Loin de moi l'idée de passer du latin au vernaculaire, de vouloir un VOM en français, mais, de grâce, faites preuve d'un minimum de bon sens.
Je crains que tout ce que vous préconisez pour dissuader les fidèles de participer au Saint Sacrifice de la Messe ne soit réalisable que dans quelques lieux privilégiés, parce que, voyez-vous, les conditions dont vous rêvez ne sont pas réunies dans la plupart des lieux de culte: un seul enfant de choeur, un chantre aux dispositions limitées ou à la voix fatiguée au lieu d'une chorale aguerrie, un pauvre harmonium à la place de l'orgue susceptible de nous étourdir avec Tournemire.
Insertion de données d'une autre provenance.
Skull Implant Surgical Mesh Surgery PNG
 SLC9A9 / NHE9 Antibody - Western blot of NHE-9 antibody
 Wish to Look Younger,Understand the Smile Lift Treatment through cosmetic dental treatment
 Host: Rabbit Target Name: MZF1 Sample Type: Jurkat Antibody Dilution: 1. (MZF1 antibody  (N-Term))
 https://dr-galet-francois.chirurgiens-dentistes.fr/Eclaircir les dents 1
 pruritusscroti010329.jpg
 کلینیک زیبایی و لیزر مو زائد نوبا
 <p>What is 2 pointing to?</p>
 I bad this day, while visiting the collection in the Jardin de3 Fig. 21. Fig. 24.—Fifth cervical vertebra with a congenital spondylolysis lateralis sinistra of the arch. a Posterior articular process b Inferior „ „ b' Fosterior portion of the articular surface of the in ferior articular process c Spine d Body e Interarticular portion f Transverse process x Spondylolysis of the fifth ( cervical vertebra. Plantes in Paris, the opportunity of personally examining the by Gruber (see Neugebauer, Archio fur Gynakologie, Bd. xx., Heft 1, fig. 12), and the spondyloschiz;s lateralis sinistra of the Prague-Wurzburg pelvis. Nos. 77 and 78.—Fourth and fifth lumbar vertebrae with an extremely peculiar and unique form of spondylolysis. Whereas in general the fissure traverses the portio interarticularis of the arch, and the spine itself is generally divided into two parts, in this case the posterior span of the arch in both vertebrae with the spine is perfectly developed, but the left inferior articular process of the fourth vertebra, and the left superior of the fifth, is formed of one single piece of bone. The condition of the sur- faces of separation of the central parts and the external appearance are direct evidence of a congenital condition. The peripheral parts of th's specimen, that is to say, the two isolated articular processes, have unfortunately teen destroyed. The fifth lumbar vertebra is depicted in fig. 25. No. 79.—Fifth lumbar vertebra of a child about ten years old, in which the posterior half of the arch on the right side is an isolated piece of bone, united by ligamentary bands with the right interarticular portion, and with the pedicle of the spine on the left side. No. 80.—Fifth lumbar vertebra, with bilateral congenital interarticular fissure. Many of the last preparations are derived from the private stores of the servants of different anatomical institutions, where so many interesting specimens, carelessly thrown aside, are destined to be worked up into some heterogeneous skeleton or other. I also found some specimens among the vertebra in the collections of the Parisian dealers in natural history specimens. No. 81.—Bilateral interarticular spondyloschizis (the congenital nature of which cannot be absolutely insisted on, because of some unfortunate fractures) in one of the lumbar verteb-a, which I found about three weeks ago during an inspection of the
Quand nous assistons à une messe dans la Manche et dans bien d'autres lieux en France, nous sommes bien loin du Port-Marly et de ses fastes d'un autre temps.
Une chose est certaine, si certains veulent obtenir des fidèles qu'ils soient muets, qu'ils soient assurés que les fidèles se montreront discrets et parcimonieux jusque dans la quête.